It may surprise you to know all the unusual things that potential storage facility renters attempt to load into their unit. Or it won’t surprise you. What do I know? Regardless, just because you turn out the light, close the door, and place a lock on it doesn’t mean that you can do whatever you want in it. There are still rules in place to protect you, the owner, and the other renters.
Let’s review some of the questions (and people’s mental states) that come up from time to time about what you absolutely cannot store in a self storage unit:
Can I store food in my storage unit?
A storage unit can be used to store NON-perishables only. This means it is appropriate to use your unit to put away sealed, canned goods “just in case” of the zombie apocalypse; however, a storage unit is not an appropriate place to keep a Big Mac and a few bananas “just in case” you want a midnight snack.

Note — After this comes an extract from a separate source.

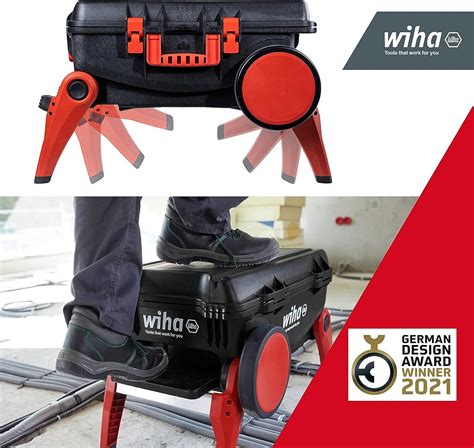 Wiha Piece Xxl Iii Electricians Insulated Vde Tool Kit Hop Up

Can I live in my storage unit?
You are not the first person who thought that living in a storage unit could be a way to save on rent each month! But storage units are not zoned for residential use, so no people may live in the unit. Plus, there isn’t a bathroom there. Don’t be that guy.
Can I keep a pet in my storage unit?
No! For the same reason you can’t stay in a unit yourself, the storage space is simply not designed for a pet’s comfort. Keep your dog, cat or pot-bellied pig at home.
Is a storage unit the right place to keep a dead body?
First of all, why do you have a dead body? Secondly, no, a storage unit is not an appropriate place to store a dead body—not even that guy who cut you off on your morning commute. If you happen to find yourself with a corpse and no place to put it, please call 911 immediately.
What are the rules regarding the storage of stolen goods?
If you robbed a bank this morning and are looking for a great place to stash the cash, your storage unit is not an acceptable choice. Maybe you should go back to the bank and see if they will open an account for you. On second thought, you may want to try a different bank.
If my friend is wanted by the FBI, can I stash her in the unit?
No matter how adamantly you believe in her innocence, please do not hide a wanted felon in your storage unit. Not only would she be quite uncomfortable (unless you had climate control perhaps), but the Feds would make a terrible mess of your unit when they bust it open after receiving an, er, anonymous tip.
Can I store flammable material in my unit?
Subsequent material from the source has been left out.